Non disturba affatto, dunque, la deduzione logica diffusa negli ambiti della Critica Letteraria, che suole accumunare le vicende biografiche dell’incisore Campagnola e del confratello, amico e pittore Giorgione (v. Fig. 2), quali magistri che operano storicamente, seppur con “fantasia”, entro ben mirate scelte iconografiche e strutture compositive.

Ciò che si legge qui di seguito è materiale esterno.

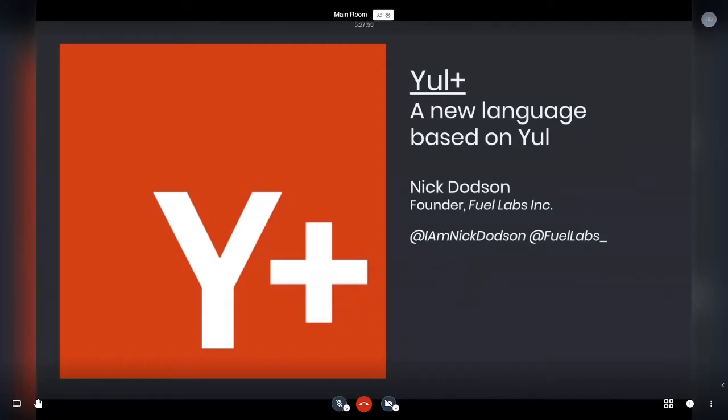So yeah, today I'm going to present my extension to Yule, Yule Plus. You could call it a new language, but it's effectively mostly Yule but with some extras. That's the way you can think about it.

Fig. 2: Giorgione, I Tre Filosofi (1506- 1508), olio su tela, misura 123,5 x 144,5 cm., Kunsthistorisches Museum, Vienna. A proposito dell'opera in esame, Lionello Venturi nel 1954 scriveva: "ciò che costituisce l’afone poetico del quadro è questa potenza di giungere con la sensibilità pittorica a intravvedere quella concezione sentimentale del mondo che fu chiamata panteismo". Le tre figure possono così spiegarsi: l’anziano (lato dx) con in mano un foglio recante scritti simboli e astronomici, il giovane (lato sx) che con una squadra e un compasso è intento alla rappresentazione topografica (non sarebbe quindi casuale che stia osservando una grotta, luogo singolare, oltre che simbolico, della morfologia terrestre) e la figura di un uomo arabo (centro), determinante per la definizione della nostra moderna matematica. Il dipinto funge da allegoria alla Conoscenza scientifica, i cui principi sono utili per la misurazione e la conoscenza sia del cielo sia della terra. Il pittore ha probabilmente raffigurato le personificazioni delle materie Astronomia, Aritmetica e Geometria che, secondo la tradizione medievale, erano tra le principali Arti Liberali.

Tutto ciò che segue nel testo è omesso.